Columnas

Memorias del subdesarrollo

Crecí en medio de dos épocas: la de un profundo miedo y la de un más profundo desencanto. El miedo que durante la década del ochenta gangrenó a la clase media y dejó como resultado este zoológico de pusilánimes ciudadanos del consumo, incapaces de reaccionar ante el abuso de las cúpulas económicas y políticas que manejan (así, con ese término descaradamente excluyente) el destino de esta migaja del planeta. Y los aún más deprimentes noventas, donde el desencanto se convirtió en una excusa para la inmovilidad “crítica”.

«Una izquierda mesiánica y oenegizada llenó sus maletas de discursos y se marchó hacia un pasado sin retorno».

Para muchos fue la época del retorno: el retorno del exilio, el retorno a la democracia. Una democracia impuesta y a la que parecíamos no estar acostumbrados. Nuestros padres suspiraban por que volvieran las ejecuciones extrajudiciales, porque en tiempos de paz era imposible que alguien garantizara un remedio eficaz contra la delincuencia y su constante amenaza al confort y a la propiedad privada.

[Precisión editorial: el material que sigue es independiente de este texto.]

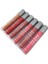 Kalıcı Matte Haghs Long Lasting Liquid Lipstick Ruj 6lı Adetli Set 2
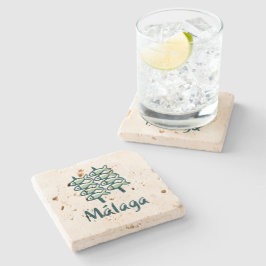 Willkommen in Malaga 8: El Espeto Steinuntersetzer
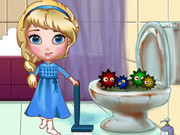Elsa Clean Bathroom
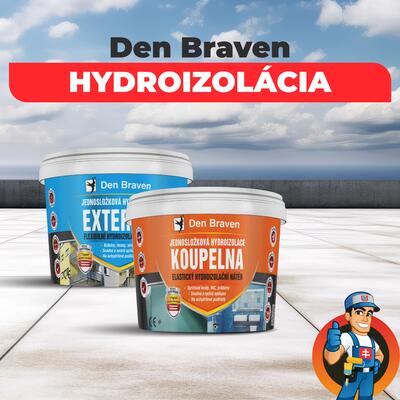 Den Braven hydroizolácia -15%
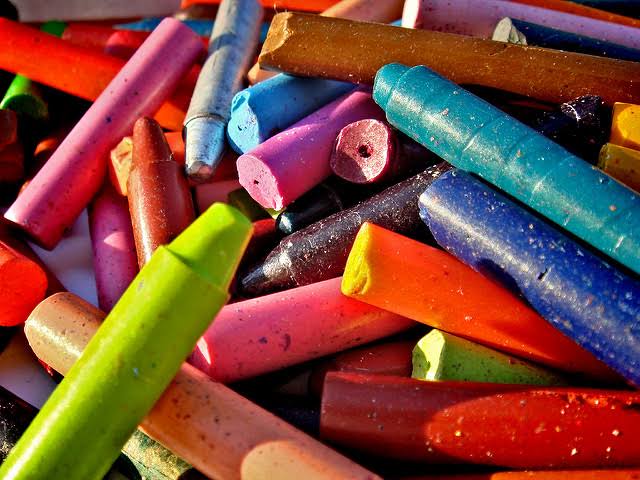The Broken Crayons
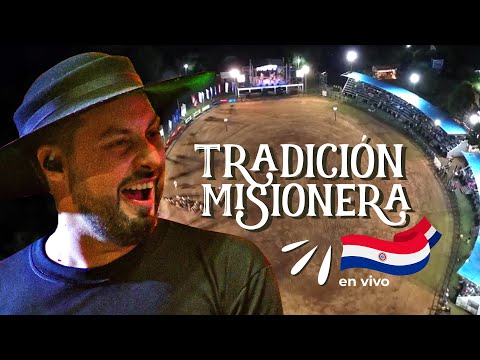 Diego Gutierrez - Tradición Misionera 🇵🇾 Video Oficial en VIVO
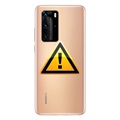 Huawei P40 Pro Battery Cover Repair - Gold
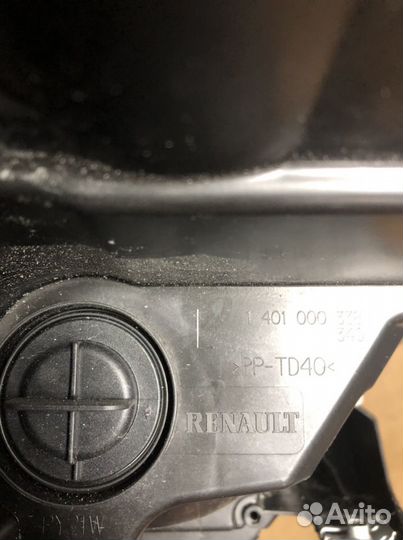 Фара renault duster 2021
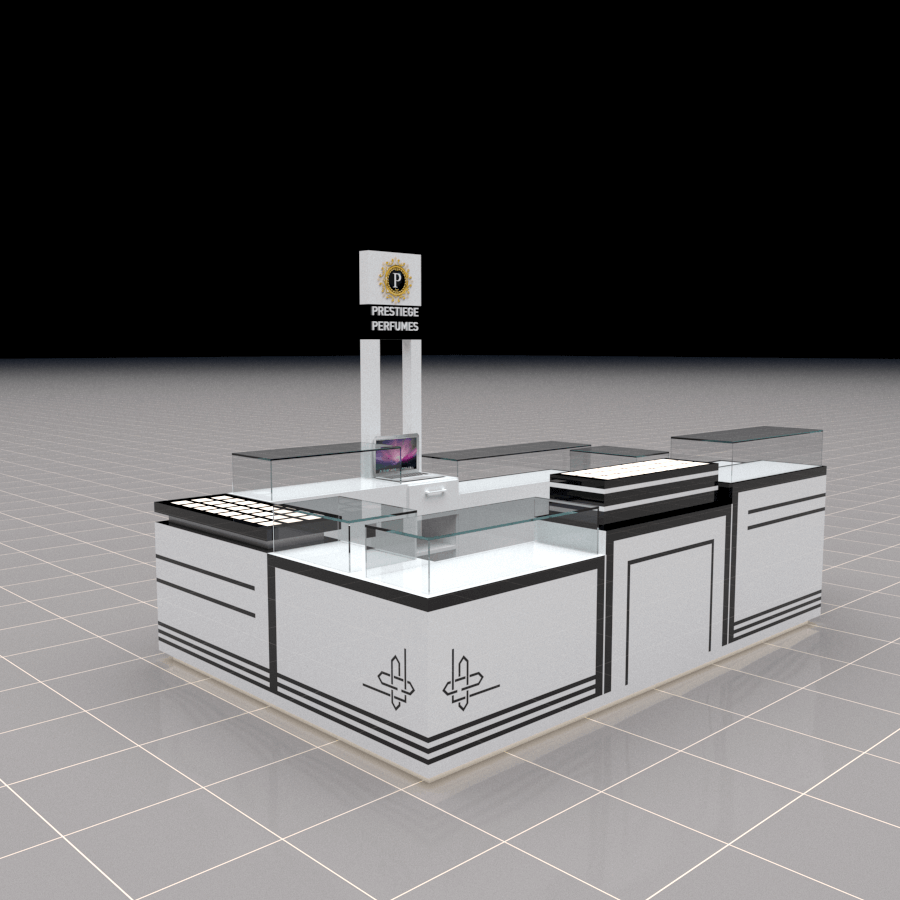 jewelry booth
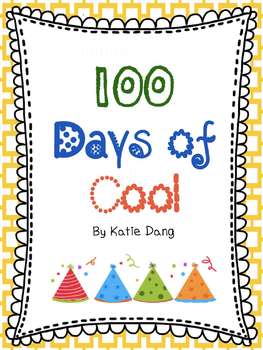 Preview of 100th Day of School Fun Pack!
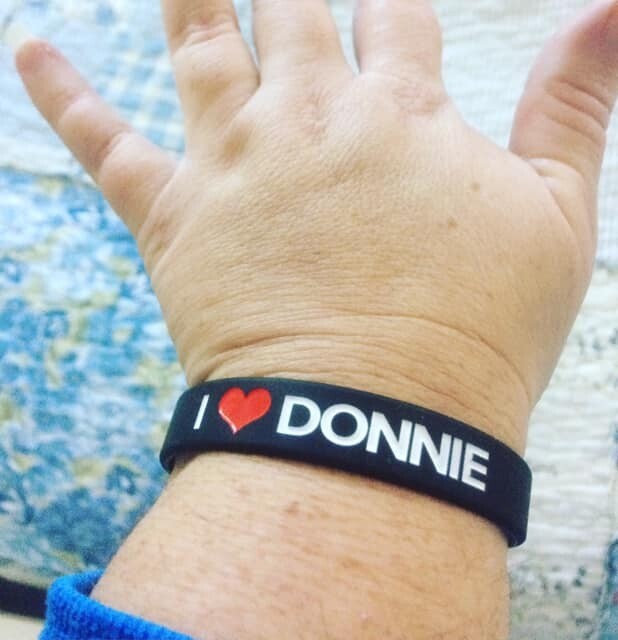 I ❤️ DONNIE Wristbands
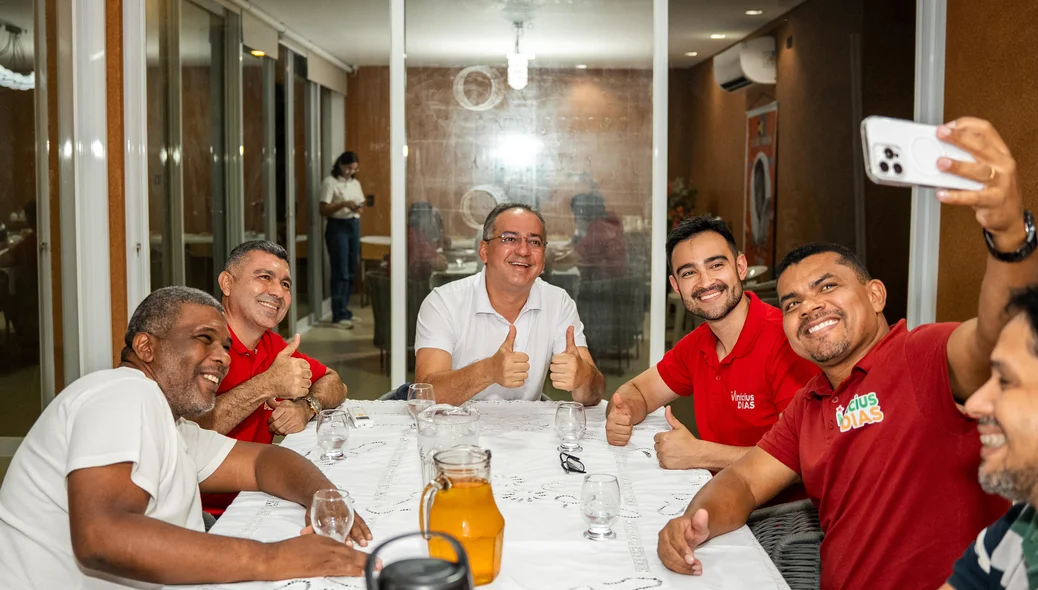 Vinícius Dias cumpre agenda em Oeiras e fortalece diálogo com lideranças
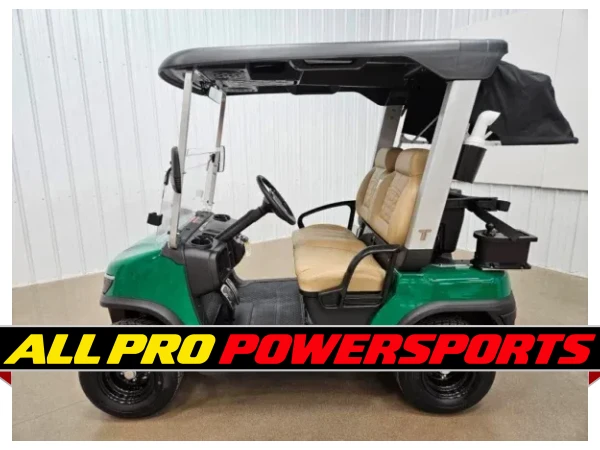 Custom 2025 Tara Spirit Air Lithium Ion Golf Cart, Green – photo 4 of 18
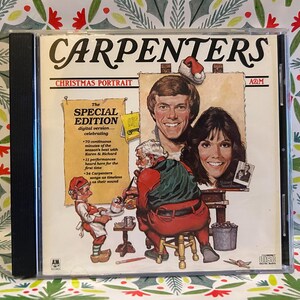 Christmas Portrait - Carpenters - 1984 Vintage Music CD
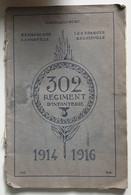 Historique Du 302 E Régiment D'infanterie , * Livre 028 - France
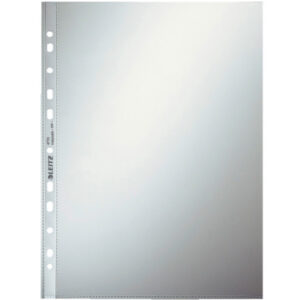 LEITZ     Zeigetaschen PP             A4 47700002  glasklar, 0,08mm     100 Stück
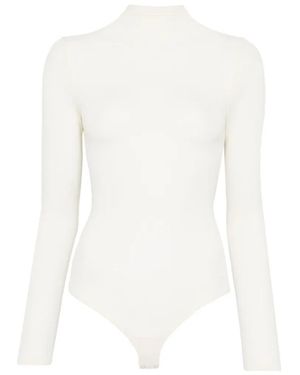 Wolford Langärmeliges Oberteil - Weiß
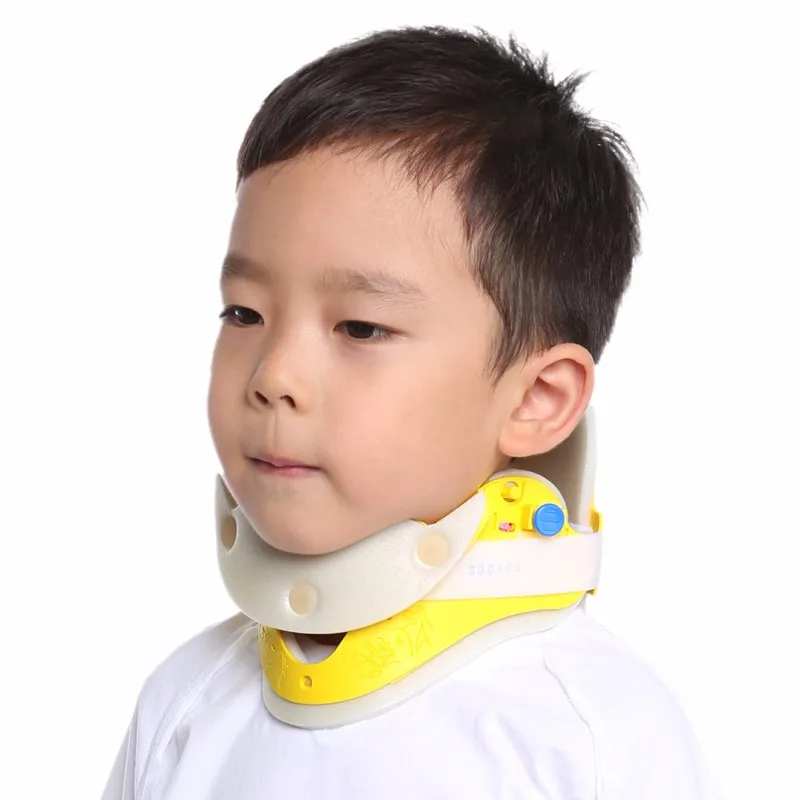 Adjustedable child neck collar nursing torticollis support crooked migraine neck braces Neck posture sleeve for 3-12 years old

Una izquierda mesiánica y oenegizada llenó sus maletas de discursos y se marchó hacia un pasado sin retorno. Los líderes democráticos fueron atrapados por las enormes burocracias del chanchuyo político y a los jóvenes se nos endosó la amargura y el fracaso de una reconciliación que hoy en día nadie toma en serio.

En el 2017 mi memoria personal del subdesarrollo es esto: un pasado que nunca termina, un presente asfixiante y un futuro en la más resignada oscuridad. Es triste lanzar cada día una moneda al aire para decidir si quedarse a sobrevivir en Guatemala o irse buscando posibilidades en otro sitio. Subdesarrollo no es necesariamente pobreza, es indiferencia, es ignorancia, es asumir que la resignación y la asfixia son el único camino que nos queda para mantenernos con vida.